For this exercise, the reply is the listing below, reproduced exactly.

_ _ _ _ _

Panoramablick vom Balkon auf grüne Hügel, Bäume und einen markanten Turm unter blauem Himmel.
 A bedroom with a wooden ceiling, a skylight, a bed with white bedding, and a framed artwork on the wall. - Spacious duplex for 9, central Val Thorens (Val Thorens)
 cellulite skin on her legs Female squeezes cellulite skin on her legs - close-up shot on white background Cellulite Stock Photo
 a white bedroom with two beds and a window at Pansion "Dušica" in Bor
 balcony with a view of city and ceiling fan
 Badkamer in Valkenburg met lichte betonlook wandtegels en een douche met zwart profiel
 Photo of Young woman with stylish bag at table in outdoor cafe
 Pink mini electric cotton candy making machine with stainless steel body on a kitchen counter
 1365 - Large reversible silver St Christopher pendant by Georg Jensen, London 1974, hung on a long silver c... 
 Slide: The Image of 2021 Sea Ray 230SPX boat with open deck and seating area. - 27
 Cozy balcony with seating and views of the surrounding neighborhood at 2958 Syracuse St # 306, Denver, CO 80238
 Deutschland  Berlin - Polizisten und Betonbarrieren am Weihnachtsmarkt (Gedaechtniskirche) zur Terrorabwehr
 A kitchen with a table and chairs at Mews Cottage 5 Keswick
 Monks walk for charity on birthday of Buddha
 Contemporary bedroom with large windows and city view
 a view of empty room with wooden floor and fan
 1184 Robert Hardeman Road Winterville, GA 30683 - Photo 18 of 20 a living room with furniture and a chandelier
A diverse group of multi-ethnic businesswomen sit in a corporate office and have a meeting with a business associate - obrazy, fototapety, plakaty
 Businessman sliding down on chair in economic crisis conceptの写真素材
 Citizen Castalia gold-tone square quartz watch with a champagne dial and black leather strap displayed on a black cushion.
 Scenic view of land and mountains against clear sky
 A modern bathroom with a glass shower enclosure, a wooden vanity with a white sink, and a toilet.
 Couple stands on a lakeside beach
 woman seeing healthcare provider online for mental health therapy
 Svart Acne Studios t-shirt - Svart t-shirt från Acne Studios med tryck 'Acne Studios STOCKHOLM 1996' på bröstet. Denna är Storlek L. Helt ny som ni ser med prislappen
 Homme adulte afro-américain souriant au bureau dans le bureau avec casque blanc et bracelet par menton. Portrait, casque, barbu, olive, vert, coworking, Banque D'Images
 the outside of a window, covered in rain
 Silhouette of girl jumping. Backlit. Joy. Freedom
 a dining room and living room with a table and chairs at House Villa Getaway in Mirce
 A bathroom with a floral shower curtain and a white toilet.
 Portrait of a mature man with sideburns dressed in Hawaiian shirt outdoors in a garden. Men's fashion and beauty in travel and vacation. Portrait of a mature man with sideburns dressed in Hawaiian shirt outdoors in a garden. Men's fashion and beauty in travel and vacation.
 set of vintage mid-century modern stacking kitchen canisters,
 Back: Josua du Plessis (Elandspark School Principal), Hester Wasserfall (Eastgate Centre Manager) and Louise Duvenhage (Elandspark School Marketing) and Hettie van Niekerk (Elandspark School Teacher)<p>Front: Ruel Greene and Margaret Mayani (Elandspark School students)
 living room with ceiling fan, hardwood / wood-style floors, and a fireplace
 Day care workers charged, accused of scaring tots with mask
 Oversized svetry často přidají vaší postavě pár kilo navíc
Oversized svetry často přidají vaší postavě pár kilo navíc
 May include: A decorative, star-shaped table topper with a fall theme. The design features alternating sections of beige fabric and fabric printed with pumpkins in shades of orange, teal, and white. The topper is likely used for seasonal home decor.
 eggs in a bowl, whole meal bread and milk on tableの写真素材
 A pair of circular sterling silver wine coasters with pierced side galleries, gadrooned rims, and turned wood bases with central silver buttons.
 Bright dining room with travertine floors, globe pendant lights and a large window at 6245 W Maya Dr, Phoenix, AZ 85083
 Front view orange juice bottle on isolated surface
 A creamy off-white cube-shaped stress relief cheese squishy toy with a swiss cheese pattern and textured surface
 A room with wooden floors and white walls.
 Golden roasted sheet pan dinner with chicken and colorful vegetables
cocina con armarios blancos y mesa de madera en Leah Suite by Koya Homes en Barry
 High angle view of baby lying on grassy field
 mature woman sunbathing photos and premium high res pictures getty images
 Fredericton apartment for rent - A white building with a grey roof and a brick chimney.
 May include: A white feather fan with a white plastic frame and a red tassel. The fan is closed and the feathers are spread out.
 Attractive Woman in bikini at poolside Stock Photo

_ _ _ _ _

▶ **Solved exercise**:
Panoramablick vom Balkon auf grüne Hügel, Bäume und einen markanten Turm unter blauem Himmel.
 A bedroom with a wooden ceiling, a skylight, a bed with white bedding, and a framed artwork on the wall. - Spacious duplex for 9, central Val Thorens (Val Thorens)
 cellulite skin on her legs Female squeezes cellulite skin on her legs - close-up shot on white background Cellulite Stock Photo
 a white bedroom with two beds and a window at Pansion "Dušica" in Bor
 balcony with a view of city and ceiling fan
 Badkamer in Valkenburg met lichte betonlook wandtegels en een douche met zwart profiel
 Photo of Young woman with stylish bag at table in outdoor cafe
 Pink mini electric cotton candy making machine with stainless steel body on a kitchen counter
 1365 - Large reversible silver St Christopher pendant by Georg Jensen, London 1974, hung on a long silver c... 
 Slide: The Image of 2021 Sea Ray 230SPX boat with open deck and seating area. - 27
 Cozy balcony with seating and views of the surrounding neighborhood at 2958 Syracuse St # 306, Denver, CO 80238
 Deutschland  Berlin - Polizisten und Betonbarrieren am Weihnachtsmarkt (Gedaechtniskirche) zur Terrorabwehr
 A kitchen with a table and chairs at Mews Cottage 5 Keswick
 Monks walk for charity on birthday of Buddha
 Contemporary bedroom with large windows and city view
 a view of empty room with wooden floor and fan
 1184 Robert Hardeman Road Winterville, GA 30683 - Photo 18 of 20 a living room with furniture and a chandelier
A diverse group of multi-ethnic businesswomen sit in a corporate office and have a meeting with a business associate - obrazy, fototapety, plakaty
 Businessman sliding down on chair in economic crisis conceptの写真素材
 Citizen Castalia gold-tone square quartz watch with a champagne dial and black leather strap displayed on a black cushion.
 Scenic view of land and mountains against clear sky
 A modern bathroom with a glass shower enclosure, a wooden vanity with a white sink, and a toilet.
 Couple stands on a lakeside beach
 woman seeing healthcare provider online for mental health therapy
 Svart Acne Studios t-shirt - Svart t-shirt från Acne Studios med tryck 'Acne Studios STOCKHOLM 1996' på bröstet. Denna är Storlek L. Helt ny som ni ser med prislappen
 Homme adulte afro-américain souriant au bureau dans le bureau avec casque blanc et bracelet par menton. Portrait, casque, barbu, olive, vert, coworking, Banque D'Images
 the outside of a window, covered in rain
 Silhouette of girl jumping. Backlit. Joy. Freedom
 a dining room and living room with a table and chairs at House Villa Getaway in Mirce
 A bathroom with a floral shower curtain and a white toilet.
 Portrait of a mature man with sideburns dressed in Hawaiian shirt outdoors in a garden. Men's fashion and beauty in travel and vacation. Portrait of a mature man with sideburns dressed in Hawaiian shirt outdoors in a garden. Men's fashion and beauty in travel and vacation.
 set of vintage mid-century modern stacking kitchen canisters,
 Back: Josua du Plessis (Elandspark School Principal), Hester Wasserfall (Eastgate Centre Manager) and Louise Duvenhage (Elandspark School Marketing) and Hettie van Niekerk (Elandspark School Teacher)<p>Front: Ruel Greene and Margaret Mayani (Elandspark School students)
 living room with ceiling fan, hardwood / wood-style floors, and a fireplace
 Day care workers charged, accused of scaring tots with mask
 Oversized svetry často přidají vaší postavě pár kilo navíc
Oversized svetry často přidají vaší postavě pár kilo navíc
 May include: A decorative, star-shaped table topper with a fall theme. The design features alternating sections of beige fabric and fabric printed with pumpkins in shades of orange, teal, and white. The topper is likely used for seasonal home decor.
 eggs in a bowl, whole meal bread and milk on tableの写真素材
 A pair of circular sterling silver wine coasters with pierced side galleries, gadrooned rims, and turned wood bases with central silver buttons.
 Bright dining room with travertine floors, globe pendant lights and a large window at 6245 W Maya Dr, Phoenix, AZ 85083
 Front view orange juice bottle on isolated surface
 A creamy off-white cube-shaped stress relief cheese squishy toy with a swiss cheese pattern and textured surface
 A room with wooden floors and white walls.
 Golden roasted sheet pan dinner with chicken and colorful vegetables
cocina con armarios blancos y mesa de madera en Leah Suite by Koya Homes en Barry
 High angle view of baby lying on grassy field
 mature woman sunbathing photos and premium high res pictures getty images
 Fredericton apartment for rent - A white building with a grey roof and a brick chimney.
 May include: A white feather fan with a white plastic frame and a red tassel. The fan is closed and the feathers are spread out.
 Attractive Woman in bikini at poolside Stock Photo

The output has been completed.